## SUPPLIED INFORMATION
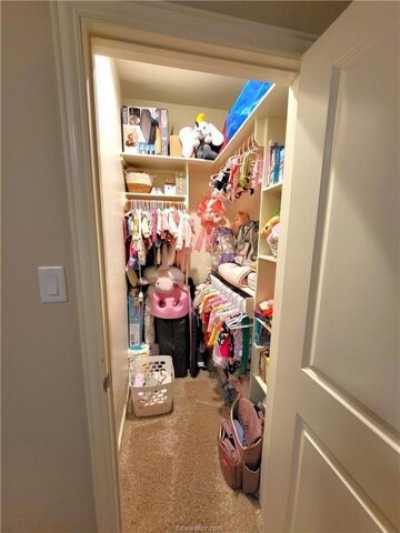 Home For Sale in Bryan, Texas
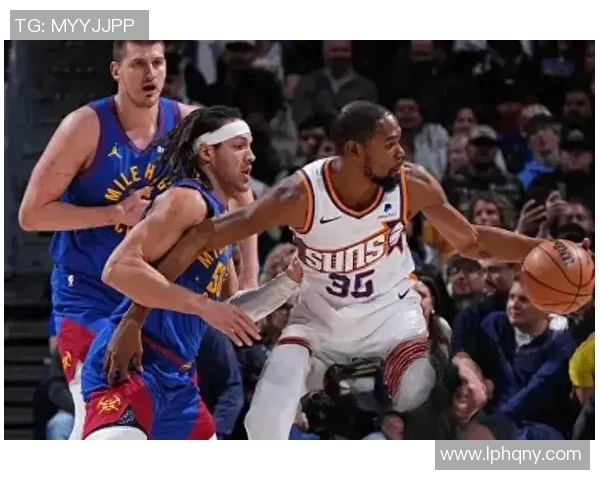 火箭与勇士激战正酣2019年3月14日NBA经典对决回顾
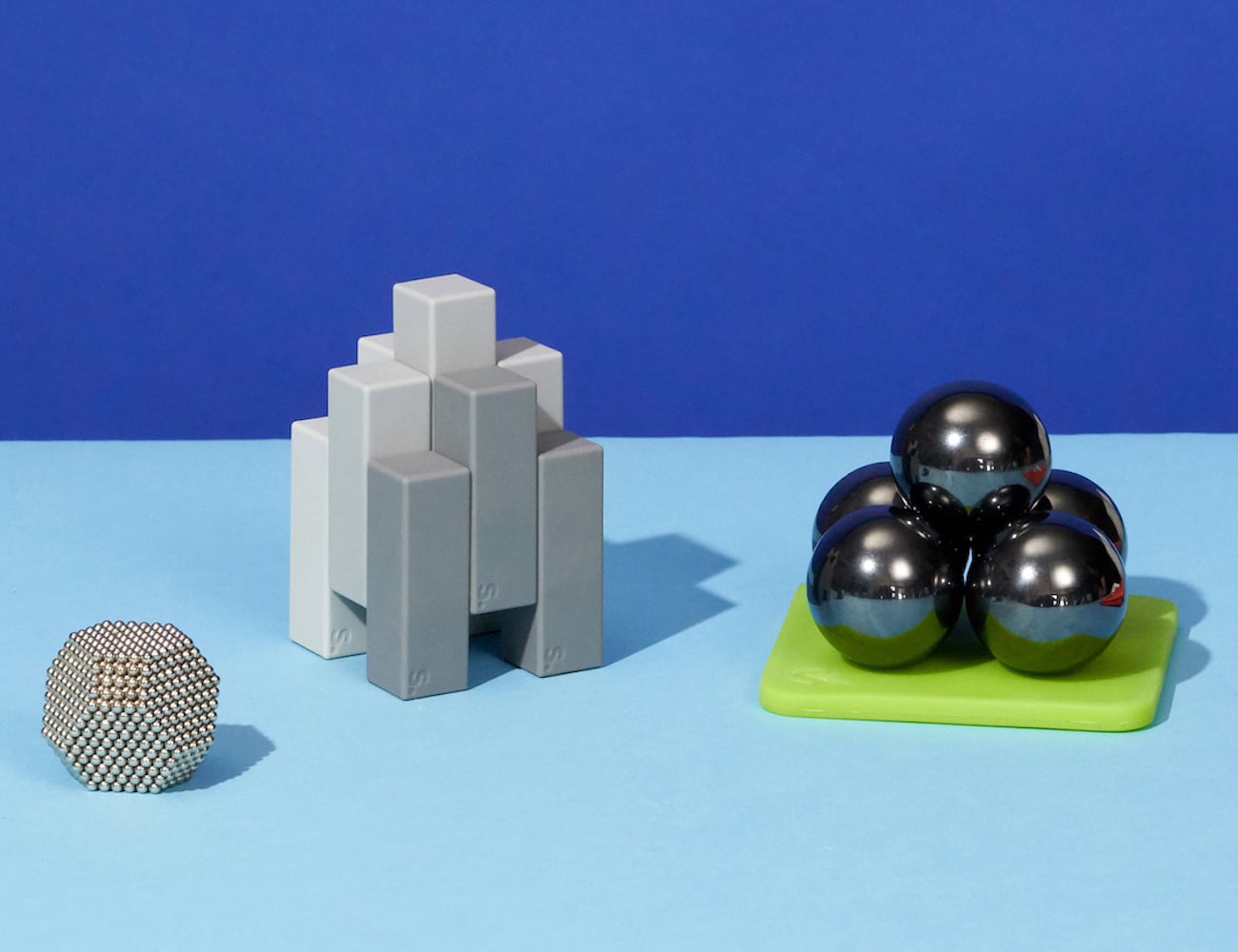 Diastolic pressure，magnetic，Toys，entertainment，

## PROBLEM DETAILS
Each line above should be written out again exactly, without any image.

## RESPONSE TO THIS EXERCISE
 Home For Sale in Bryan, Texas
 火箭与勇士激战正酣2019年3月14日NBA经典对决回顾
 Diastolic pressure，magnetic，Toys，entertainment，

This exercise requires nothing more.